El filósofo Sloterdijk escribió que “si se ha
abierto el suelo bajo nuestros pies es porque estamos obligados a elegir entre catorce tipos de salsa diferentes para sazonar
la ensalada”. Es tal el aluvión al que nos someten de información, datos,
comentarios, rumores, opiniones, prejuicios, supersticiones y exabruptos, que
la verdad de los hechos parece ser un asunto cada vez más huidizo. Ya lo dijo Einstein, como nos recuerda Fred Jerome en su libro Einstein-Israel. Una mirada inconformista, “antiguamente, la gente creía que todas
las cosas materiales desaparecían del universo,
sólo quedaría tiempo y espacio. Pero según la teoría de la relatividad, el tiempo y el espacio desaparecen junto con todas las cosas”.

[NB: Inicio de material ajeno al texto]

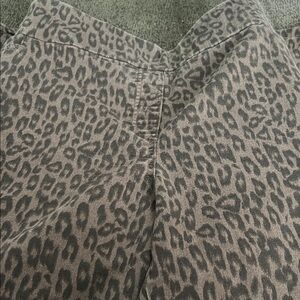 Avenue Brown Leopard Pattern very cute and comfy Pants
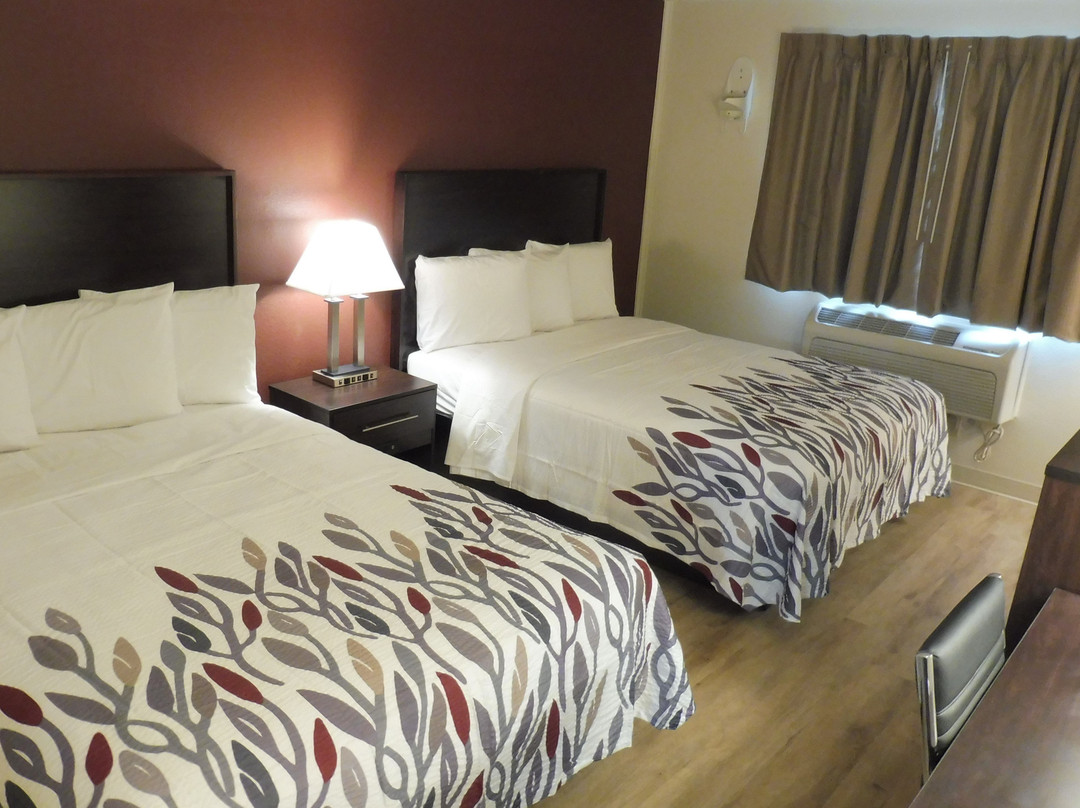 Red Roof Inn Greensburg主图
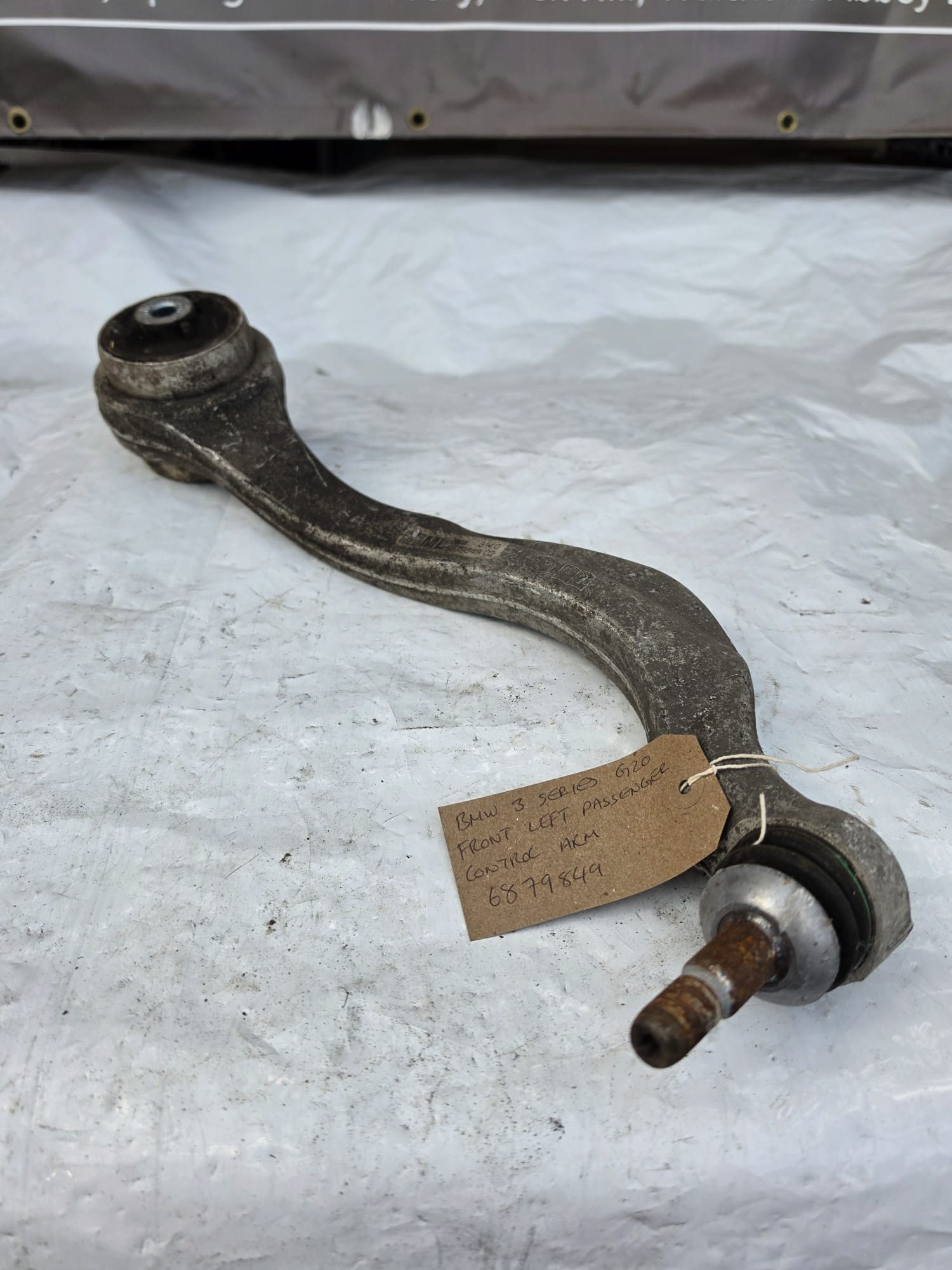 BMW 3 SERIES G20 FRONT LEFT PASSENGER CONTROL ARM 6879849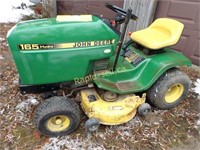 John Deere 165 Hydrostatic Lawn Tractor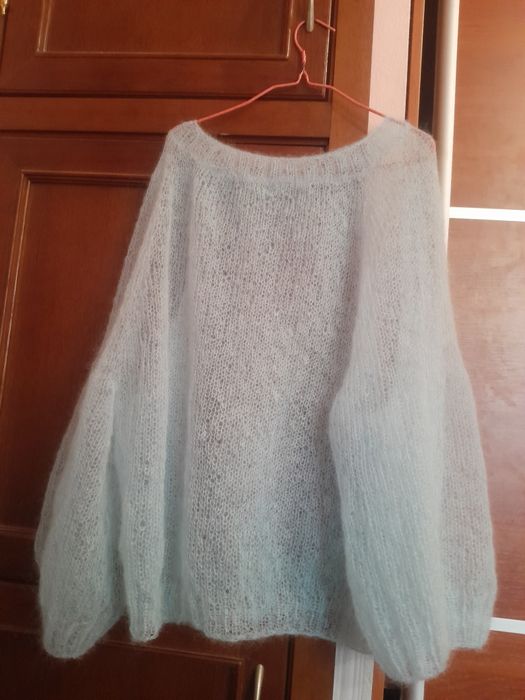 Жіночий пуловер  павутинка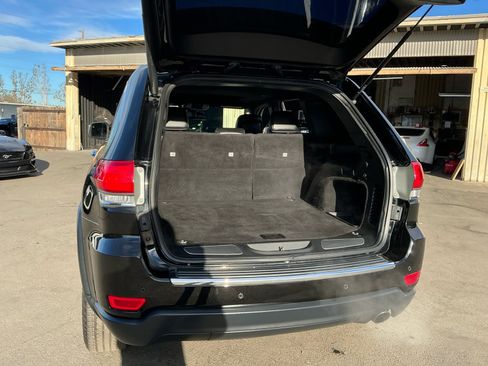 Used 2019 Jeep Grand Cherokee Limited image 25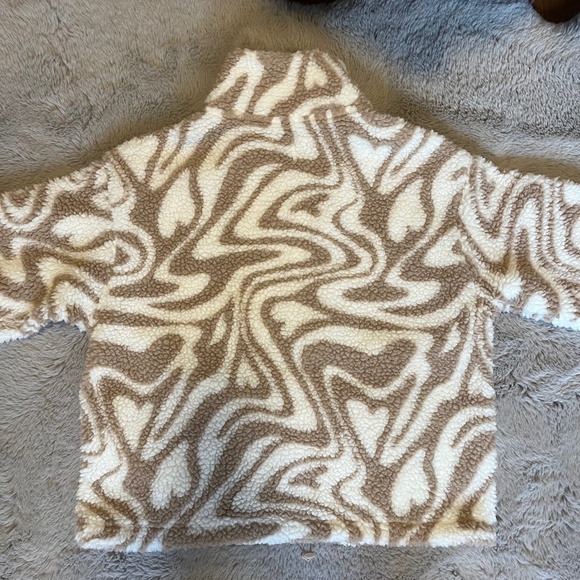[HOST PICK✨] ARDENE Cozy Sherpa Swirl Latte Print Sweatshirt Women Size S - Picture 3 of 6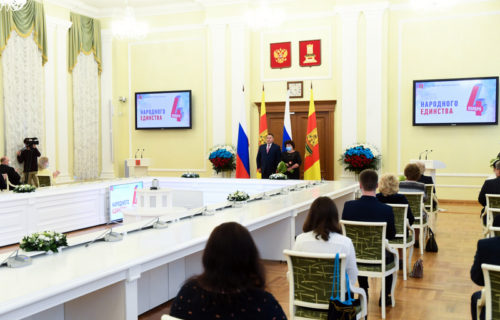 Игорь Руденя накануне Дня народного единства вручил государственные и региональные награды жителям Тверской области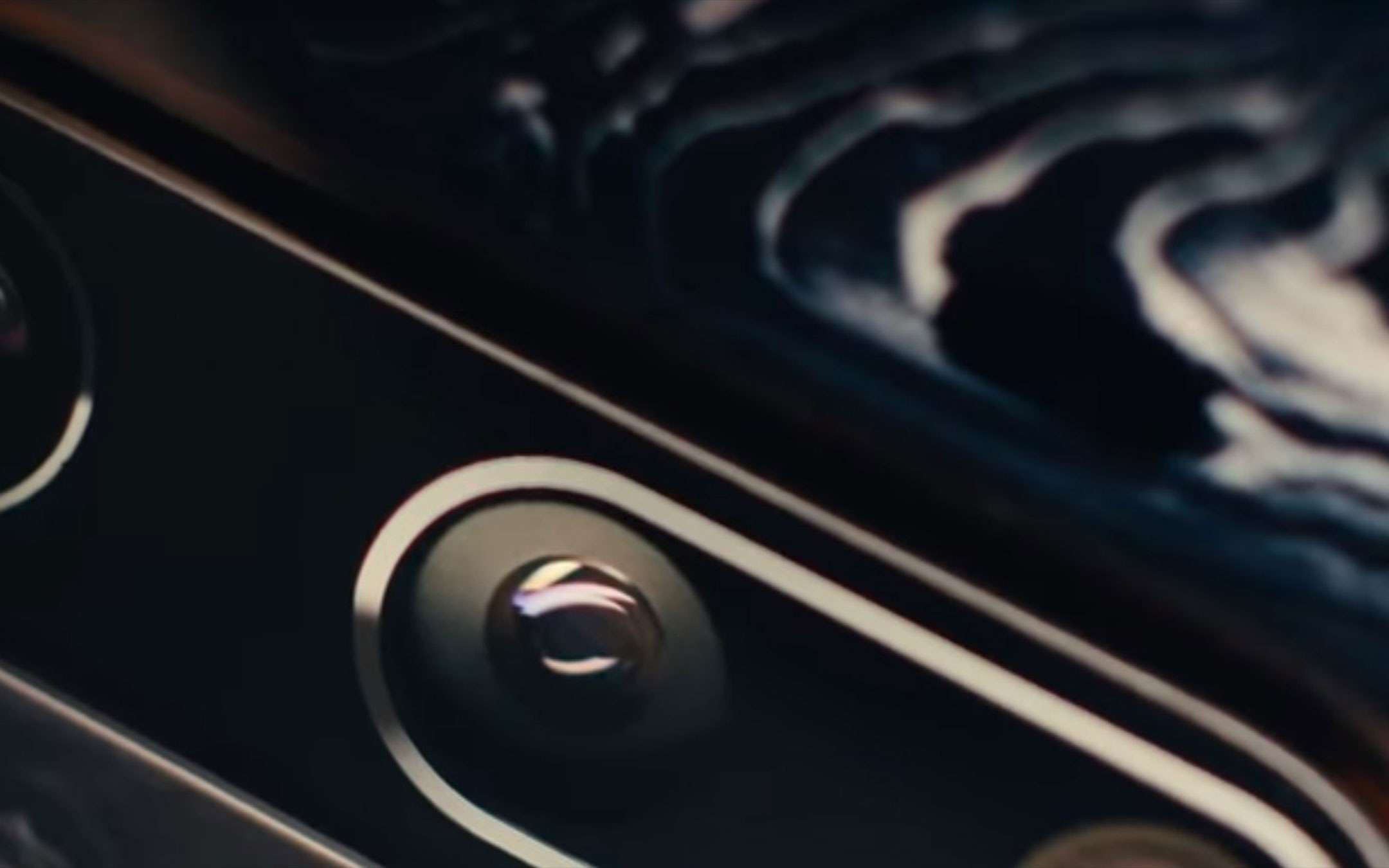 OnePlus 7T Pro: il video della McLaren Edition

Las salsas de las ensaladas, gracias a su condición relativa, diversidad y
fecha de caducidad, vienen a terminar con más de 2.000 años de desvaríos filosóficos. Por fin podemos admitir sin
sonrojo que aquella división que proponía el famoso poema de Parménides, entre la verdad única, revelada, inmóvil y
perfecta, y las vulgares opiniones
de los mortales, es una broma de mal
gusto.
Chrystia Freeland, en el
último número del New Yorker, se
pregunta por qué los multimillonarios se
sienten víctimas de Obama y cita a presidentes de poderosos
hedge funds, emporios empresariales
y banqueros de inversión, que ven a
Obama como la encarnación de Lucifer.
Significativamente, nadie se ha referido en las últimas semanas al reñido pulso
de Romney contra Obama y la polémica sentencia del Tribunal Supremo
de los Estados Unidos de hace un par de años, que “liberalizaba” las donaciones empresariales a las campañas
electorales. Por este tipo de preguntas
y silencios, echamos de menos a personajes como la periodista Wanda Jablonski, la apodada “reina del
club del petróleo”, que supo contar
los inconfesables secretos de ese
mundo dominado por poderosos dueños de pozos petrolíferos, jets, limusinas, escoltas y mullidas moquetas. O la mítica Ida
Tarbell, una humilde maestra aficionada
al periodismo local, que consiguió gracias a sus investigaciones que la colosal
Standard Oil de Rockefeller se desmembrara y se aprobaran las leyes antimonopolio que aún hoy rigen en el
mundo civilizado.
Hablando de la verdad escondida en las ensaladas y sus aliños, es evidente que
la teoría de la relatividad tiene una aplicabilidad directa en la política y la economía. Para aquellos que no se benefician de las habituales
verdades absolutas, desaparecen el espacio y el tiempo junto con haciendas y
expectativas. Echamos de menos a Wanda o a Ida, porque como Sloterdijk escribió
“incluso las estupideces más evidentes
son repetidas de manera constante por la gente más inteligente”. Decida
pronto qué quiere de menú, porque
como dijo el viejo Einstein “el hecho de
que uno no tenga influencia real sobre el curso de la historia no le libera a
uno de la responsabilidad moral”. Voy a ver que me queda en la despensa.